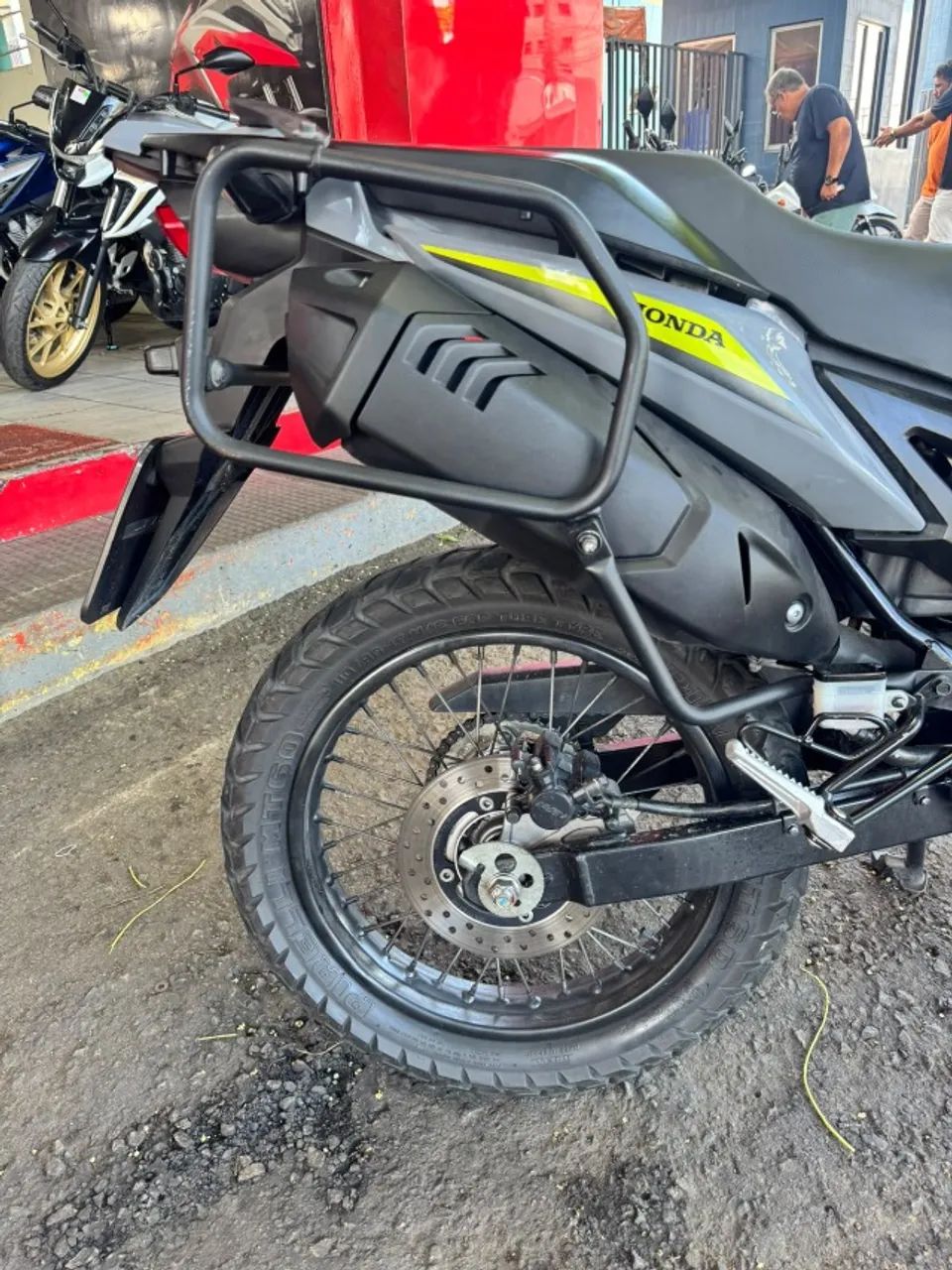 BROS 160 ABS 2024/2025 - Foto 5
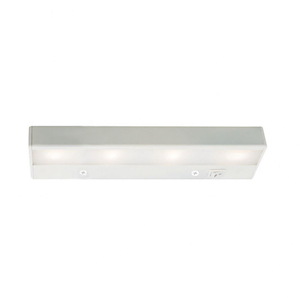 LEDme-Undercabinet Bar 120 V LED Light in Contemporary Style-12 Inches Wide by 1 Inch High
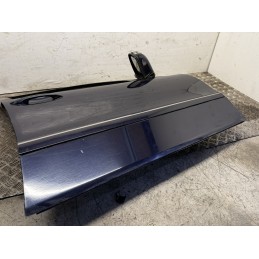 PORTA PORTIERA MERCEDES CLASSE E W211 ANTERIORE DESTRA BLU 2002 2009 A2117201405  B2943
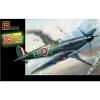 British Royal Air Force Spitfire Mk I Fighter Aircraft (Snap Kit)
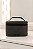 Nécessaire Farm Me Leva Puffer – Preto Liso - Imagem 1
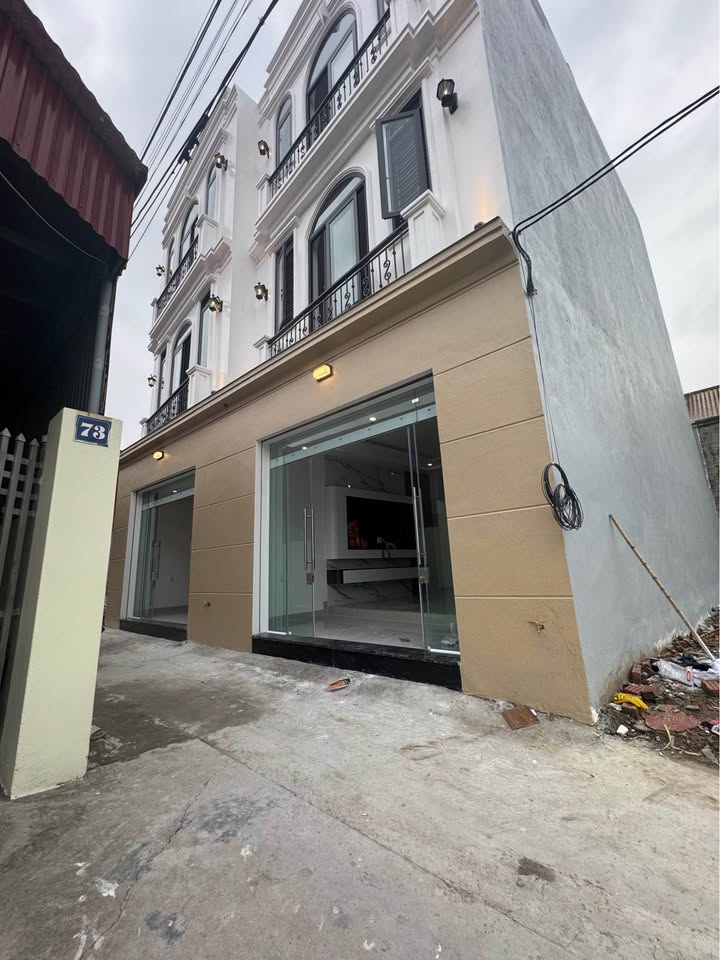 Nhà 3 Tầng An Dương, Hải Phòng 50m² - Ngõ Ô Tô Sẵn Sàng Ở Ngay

***

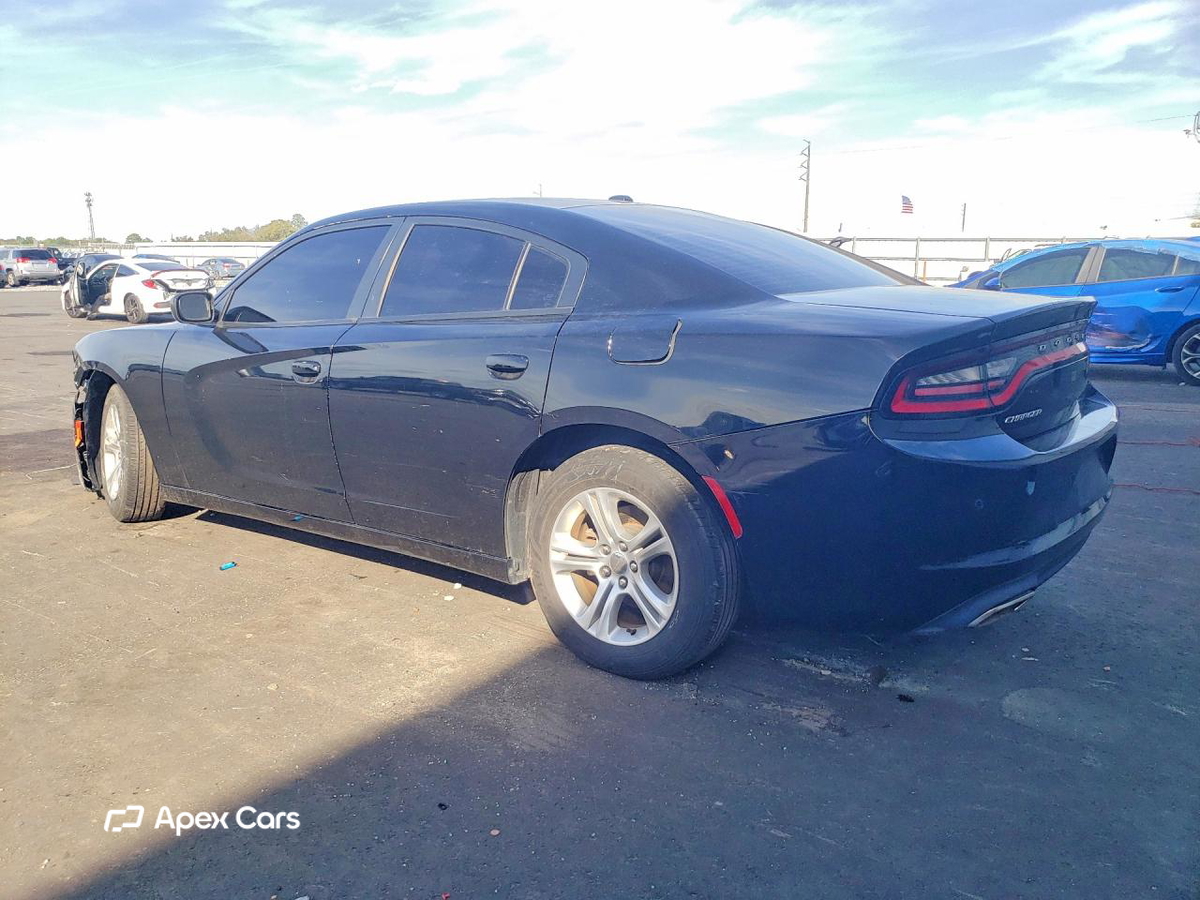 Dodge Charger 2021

***

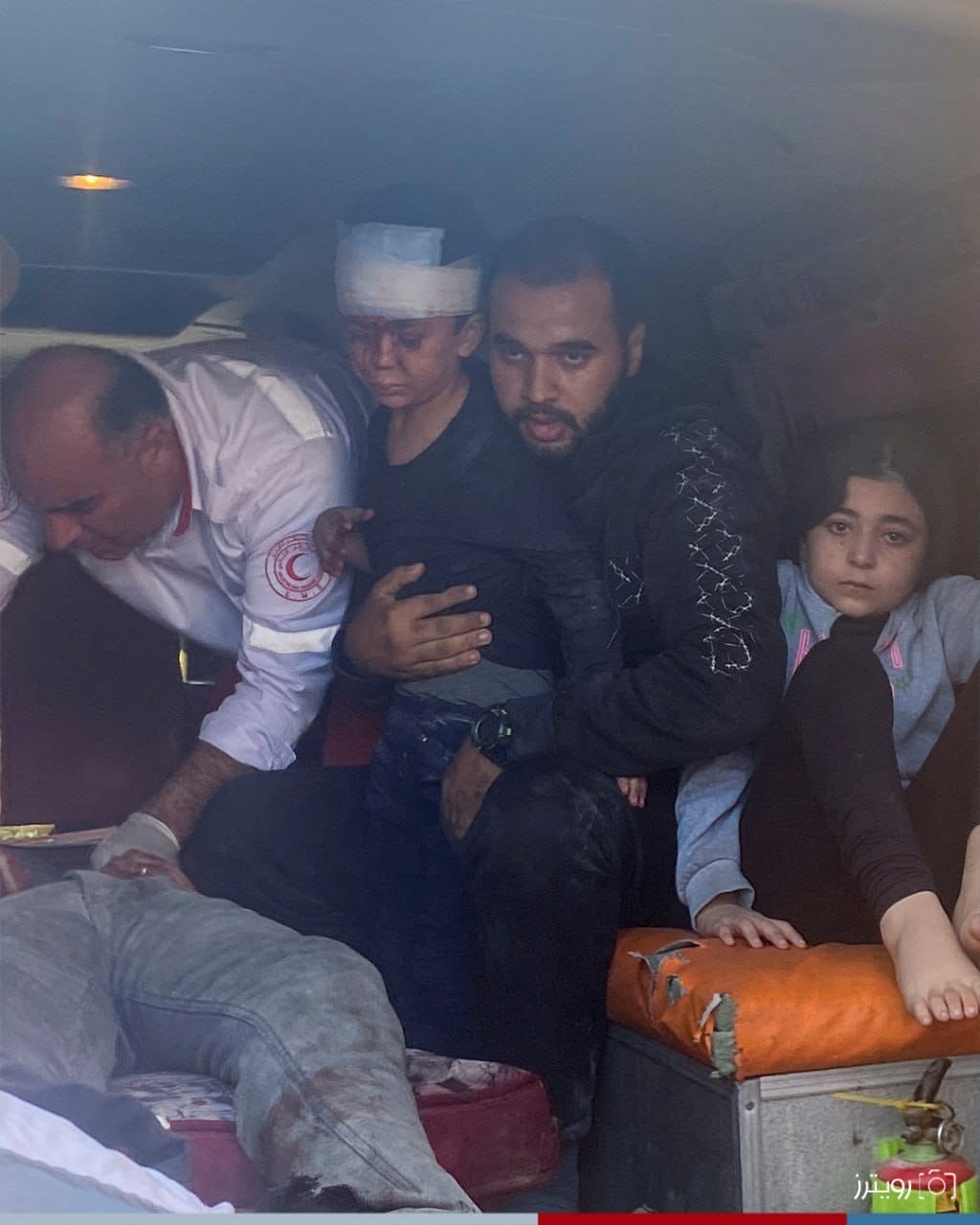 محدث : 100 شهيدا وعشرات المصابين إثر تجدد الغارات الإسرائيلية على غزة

***

PROBLEM TO SOLVE - Precisely those lines above that run from the line with "BROS 160 ABS 2024/2025 - Foto 5" up to and including the line with "Nhà 3 Tầng An" are to be set down, with the pictures omitted.

EXERCISE RESPONSE -
 BROS 160 ABS 2024/2025 - Foto 5
 LEDme-Undercabinet Bar 120 V LED Light in Contemporary Style-12 Inches Wide by 1 Inch High
 PORTA PORTIERA MERCEDES CLASSE E W211 ANTERIORE DESTRA BLU 2002 2009 A2117201405  B2943
 British Royal Air Force Spitfire Mk I Fighter Aircraft (Snap Kit)
 Nécessaire Farm Me Leva Puffer – Preto Liso - Imagem 1
 Nhà 3 Tầng An Dương, Hải Phòng 50m² - Ngõ Ô Tô Sẵn Sàng Ở Ngay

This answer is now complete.